If a user or programmer finds an error in the application, all he can do is inform the creator so that the creator can fix it. Even if the user was able to solve the problem and wanted to do it without asking anything in return, the contract prevented him from changing the software.
This situation led to the beginning of the end for cooperative communities, where software was shared and anyone could improve it without restrictions. The commercial software development model with added costs, despite generating situations of social unrest, was imposed with such force that today there are still people convinced that there is no other way to do business.
During the transition to the business model, Richard M. Stallman, an Artificial Intelligence lab worker at the Massachusetts Institute of Technology (MIT), realized that society was changing dangerously. Stallman himself says that during those years in the lab they had received a printer donated by an outside company.
The device, which was used in a network by all the workers, seemed not to work perfectly, since every so often the paper got jammed.

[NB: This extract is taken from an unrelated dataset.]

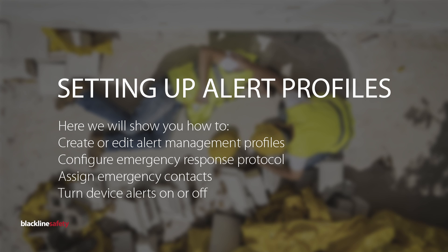such as an emergency alert, a silent alert, a missed no motion, missed check-in, or missed fall detection. Alert profiles outline the response protocol that monitoring personnel will follow in the case of an emergency.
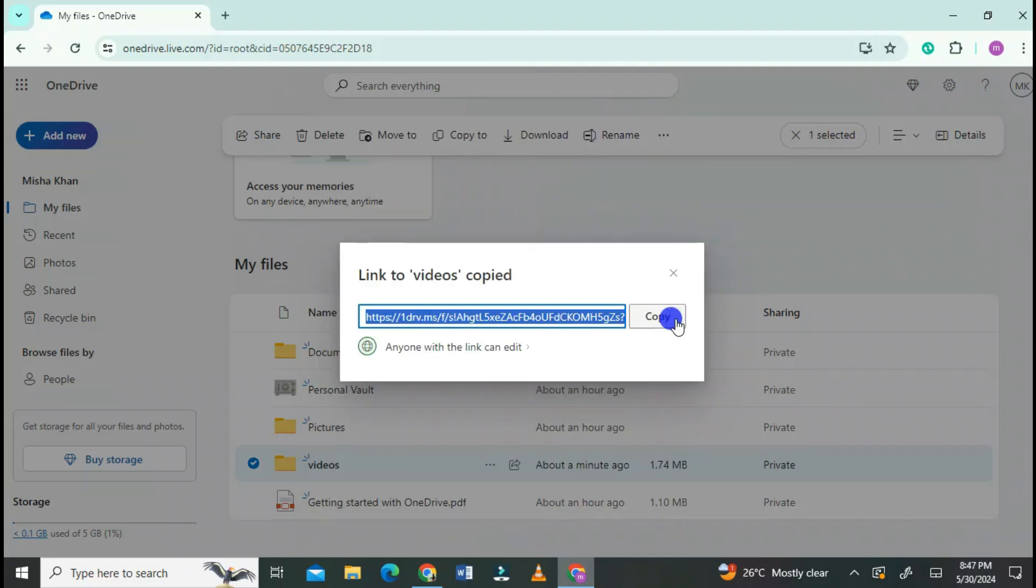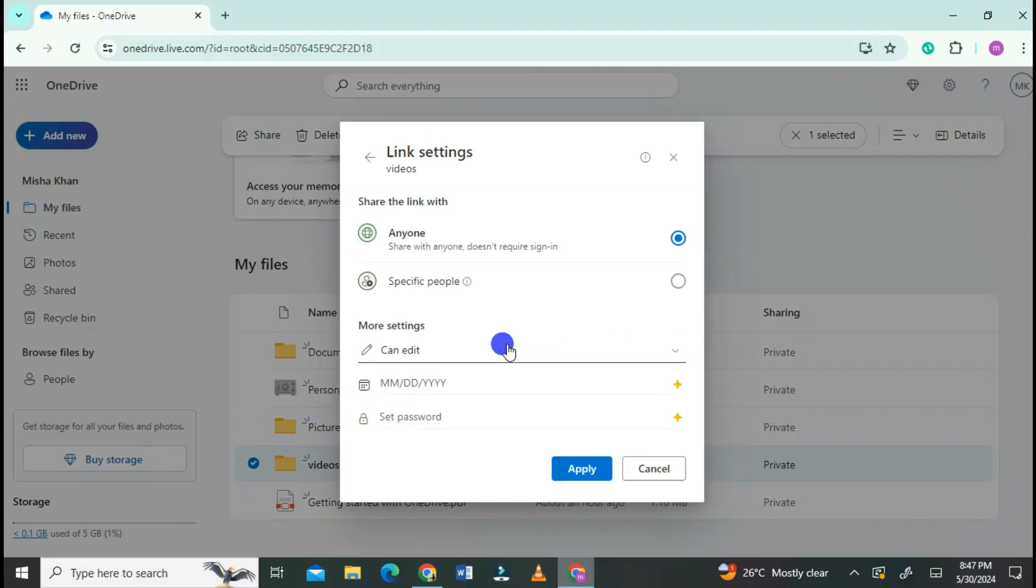Now copy the link. Again click on Apply.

As an aggravating factor, no notice was generated that was sent over the network and informed users of the situation.
The waste of time was constant because, sometimes, workers sent their jobs to print over the network and when they went to look for them they found the printer stuck and a huge queue of pending jobs. Stallman decided to fix the problem, and implement a network alert system for when the printer was blocked.
For this he needed access to the source code of the printer drivers. He asked the company that owned the printer what it needed, and explained what it intended to do. The company obviously refused to give him the source code.
If Stallman followed the same path, he would have to accept the new commercial software, sign new agreements to keep those codes secret, and eventually develop more commercial software with restrictive licenses that, in turn, would later have to be accepted by his own colleagues.